The staggering inequality gap in SSA is certainly a source of worry for its richest. A week before the 2014 WEF on Africa that the continent’s richest man is also co-chairing, Aliko Dangote announced an endowment of USD1.2 billion (c. 5% of his wealth) to his “Dangote Foundation” (founded in 1994) to support education, health and youth empowerment in Nigeria. The foundation’s model is largely based on a concept that is increasingly gaining attention in development circles; cash transfer programmes – according to Forbes, the Dangote Foundation disburses 50-80 US dollars in cash to Nigeria’s poor rural women and youths to start small businesses. Initiatives such as this, if emulated by the many formal (and even more informal or shadow economy) billionaires in Africa would go a long way in accelerating poverty reduction in Africa.

In its upcoming planned two-part 2015 Report on Africa, the World Bank would assess the state of poverty and inequality in Africa and also provide suggestions on how to accelerate poverty reduction on the continent.

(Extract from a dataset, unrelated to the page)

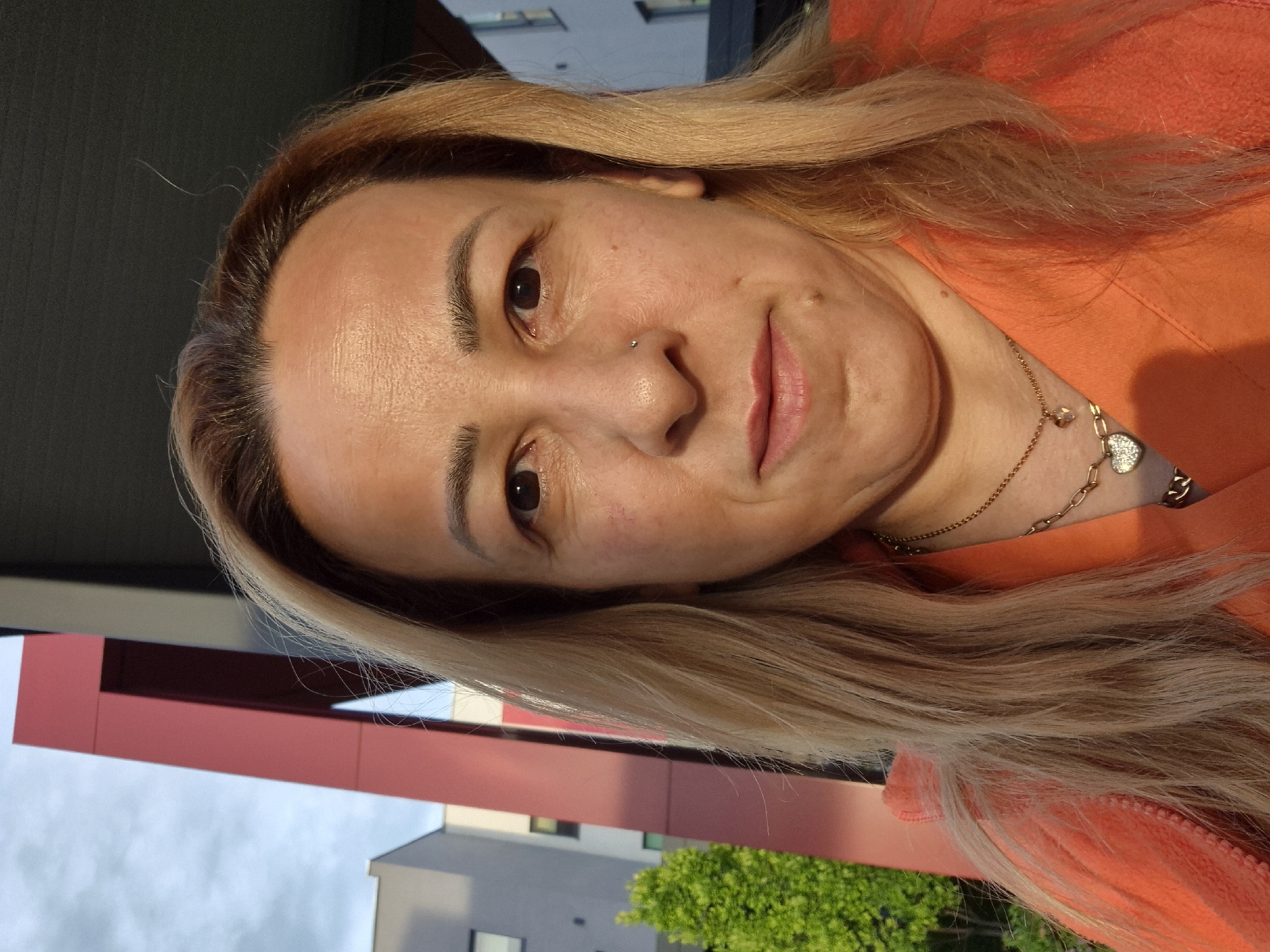 A medium shot captures a woman in her late 30s or early 40s, facing the camera directly. She has medium-length blonde hair, parted to her left, and fair skin. She is wearing an orange hooded jacket and a gold chain necklace with a heart-shaped pendant. A nose ring is visible on her right nostril.
The background is outdoors, with modern buildings and a bright red architectural feature to her left. A small, green bush is also visible to her left. The lighting suggests it is late afternoon or early evening, with the sun casting a warm glow. The environment appears to be an urban or suburban setting.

At a briefing during the Centre for the Study of African Economies (CSAE) Conference of the University of Oxford in March 2014, its officials highlighted their preliminary thoughts on how they reckon Africa’s high growth could be more broadly shared. They include the maintenance of strong macroeconomic discipline, building better human and physical capital, promoting growth in places and sectors where the poor are and the creation of social protection and promotion systems that enable them to be shared. That part about social protection and promotion systems is increasingly gaining resonance amongst officials of the bank and other development experts. Another highly regarded economist at the conference wondered if it was not an attempt at a “latin-americanization” of Africa; a not-so-veiled reference to the likely motivation of the esteemed economists for wanting to experiment with conditional cash transfers (CCTs) in Sub-Saharan Africa because of the relative success of a similar programme in Latin America (Brazil in particular). Its research showed families systematically invested part of the CCTs they received in human and physical capital and even saved as well. It is thus likely the Bretton Woods institution is now convinced the same policy could be adapted for Africa. Simply put, the World Bank reckons CCTs are a real policy option; in addition to sustained economic growth and increased agricultural productivity of course. A significant caveat though is that the potential success of such a policy would be contingent on good governance. Incidentally, that caveat may actually be the key to accelerating poverty reduction in Africa. Most (if not all) of past poverty reduction interventions in Africa have failed principally because of poor governance and corruption.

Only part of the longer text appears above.